**WHAT IS NEEDED:** Each record in the listing below is to be duplicated exactly.

[RECORD SET Boundary: Start]

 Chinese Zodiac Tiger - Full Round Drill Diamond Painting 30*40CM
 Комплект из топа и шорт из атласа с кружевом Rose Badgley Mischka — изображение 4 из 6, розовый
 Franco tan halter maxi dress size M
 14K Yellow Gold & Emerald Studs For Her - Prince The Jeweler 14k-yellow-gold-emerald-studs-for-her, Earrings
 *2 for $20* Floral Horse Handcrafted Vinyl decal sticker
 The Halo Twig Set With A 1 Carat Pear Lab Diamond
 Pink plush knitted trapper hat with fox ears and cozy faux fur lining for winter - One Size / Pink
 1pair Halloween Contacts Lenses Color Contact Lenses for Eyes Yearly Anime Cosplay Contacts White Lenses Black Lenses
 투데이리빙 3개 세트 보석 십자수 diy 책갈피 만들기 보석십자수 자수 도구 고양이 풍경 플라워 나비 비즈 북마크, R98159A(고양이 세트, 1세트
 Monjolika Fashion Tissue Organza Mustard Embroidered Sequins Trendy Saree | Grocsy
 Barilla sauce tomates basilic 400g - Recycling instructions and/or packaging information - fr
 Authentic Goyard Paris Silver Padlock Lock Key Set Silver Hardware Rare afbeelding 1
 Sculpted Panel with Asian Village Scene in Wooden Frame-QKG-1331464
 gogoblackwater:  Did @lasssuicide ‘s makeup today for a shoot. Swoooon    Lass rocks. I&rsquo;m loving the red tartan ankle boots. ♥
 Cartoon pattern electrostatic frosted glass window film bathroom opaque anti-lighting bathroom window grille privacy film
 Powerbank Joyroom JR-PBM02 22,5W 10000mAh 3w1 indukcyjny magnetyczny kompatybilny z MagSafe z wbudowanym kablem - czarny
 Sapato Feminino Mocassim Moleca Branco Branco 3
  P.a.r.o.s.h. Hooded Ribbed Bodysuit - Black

[RECORD SET Boundary: End]

**TASK ANSWER:**
 Chinese Zodiac Tiger - Full Round Drill Diamond Painting 30*40CM
 Комплект из топа и шорт из атласа с кружевом Rose Badgley Mischka — изображение 4 из 6, розовый
 Franco tan halter maxi dress size M
 14K Yellow Gold & Emerald Studs For Her - Prince The Jeweler 14k-yellow-gold-emerald-studs-for-her, Earrings
 *2 for $20* Floral Horse Handcrafted Vinyl decal sticker
 The Halo Twig Set With A 1 Carat Pear Lab Diamond
 Pink plush knitted trapper hat with fox ears and cozy faux fur lining for winter - One Size / Pink
 1pair Halloween Contacts Lenses Color Contact Lenses for Eyes Yearly Anime Cosplay Contacts White Lenses Black Lenses
 투데이리빙 3개 세트 보석 십자수 diy 책갈피 만들기 보석십자수 자수 도구 고양이 풍경 플라워 나비 비즈 북마크, R98159A(고양이 세트, 1세트
 Monjolika Fashion Tissue Organza Mustard Embroidered Sequins Trendy Saree | Grocsy
 Barilla sauce tomates basilic 400g - Recycling instructions and/or packaging information - fr
 Authentic Goyard Paris Silver Padlock Lock Key Set Silver Hardware Rare afbeelding 1
 Sculpted Panel with Asian Village Scene in Wooden Frame-QKG-1331464
 gogoblackwater:  Did @lasssuicide ‘s makeup today for a shoot. Swoooon    Lass rocks. I&rsquo;m loving the red tartan ankle boots. ♥
 Cartoon pattern electrostatic frosted glass window film bathroom opaque anti-lighting bathroom window grille privacy film
 Powerbank Joyroom JR-PBM02 22,5W 10000mAh 3w1 indukcyjny magnetyczny kompatybilny z MagSafe z wbudowanym kablem - czarny
 Sapato Feminino Mocassim Moleca Branco Branco 3
  P.a.r.o.s.h. Hooded Ribbed Bodysuit - Black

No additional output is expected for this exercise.